Nasza Loteria SR - pasek na kartach artykułów

Motoryzacja w polskiej armii po odzyskaniu niepodległości. Trudne początki [ZDJĘCIA]

Marek Ponikowski
De Dion Bouton V8 30 CV, rocznik 1913-14, jeden z dwóch samochodów osobowych 3 Eskadry. Za kierownicą szer. Leonard Apolinary Szmyrgałło
De Dion Bouton V8 30 CV, rocznik 1913-14, jeden z dwóch samochodów osobowych 3 Eskadry. Za kierownicą szer. Leonard Apolinary Szmyrgałło zdjęcia Ze zbiorów Ryszarda Kołodziejskiego
Samoloty z demobilu, często w fatalnym stanie, ale też samochody "po przejściach" - fotografie stają się świadectwem, jak trudne były początki odrodzonego państwa i jego młodej armii.

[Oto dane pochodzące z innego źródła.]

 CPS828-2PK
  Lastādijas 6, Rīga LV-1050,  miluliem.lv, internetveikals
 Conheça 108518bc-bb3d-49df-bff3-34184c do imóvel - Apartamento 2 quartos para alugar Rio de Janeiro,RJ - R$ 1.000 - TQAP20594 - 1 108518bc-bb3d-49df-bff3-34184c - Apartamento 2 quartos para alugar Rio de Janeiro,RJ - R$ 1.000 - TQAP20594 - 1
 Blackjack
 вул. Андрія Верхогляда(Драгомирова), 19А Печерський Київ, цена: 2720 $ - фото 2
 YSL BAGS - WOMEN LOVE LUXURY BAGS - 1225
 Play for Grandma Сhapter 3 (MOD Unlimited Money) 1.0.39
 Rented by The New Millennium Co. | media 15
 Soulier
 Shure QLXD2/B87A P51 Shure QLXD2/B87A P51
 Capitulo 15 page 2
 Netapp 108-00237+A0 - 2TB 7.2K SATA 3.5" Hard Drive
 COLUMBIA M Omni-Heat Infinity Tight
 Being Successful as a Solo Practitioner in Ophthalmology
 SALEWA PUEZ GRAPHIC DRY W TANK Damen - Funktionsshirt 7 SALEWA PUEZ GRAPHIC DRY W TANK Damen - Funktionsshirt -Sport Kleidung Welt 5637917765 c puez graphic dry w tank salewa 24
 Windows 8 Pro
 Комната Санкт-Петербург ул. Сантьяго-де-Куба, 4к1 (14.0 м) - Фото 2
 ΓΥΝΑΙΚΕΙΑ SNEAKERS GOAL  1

Jedenastego listopada 1918 roku w wagonie kolejowym w Compiegne pod Paryżem podpisano zawieszenie broni, które kończyło wyniszczającą Europę, przeszło czteroletnią wojnę. Gdy umilkły działa, kontynent wyglądał zupełnie inaczej niż latem 1914 roku. Rozpadło się imperium austrowęgierskie, rewolucje zmiotły monarchie w Rosji i Niemczech, Anglia i Francja, choć zwycięskie, wychodziły z wojny osłabione, zyskały za to na znaczeniu Stany Zjednoczone. Na wschodzie Europy powstawały państwa narodowe. - Skończyła się wojna olbrzymów, zaczynają się utarczki karłów - sarkastycznie skomentował nową sytuację Winston Churchill, wówczas brytyjski minister uzbrojenia. "Utarczki karłów" były nieuniknione, bo znikły dawne struktury państwowe i granice.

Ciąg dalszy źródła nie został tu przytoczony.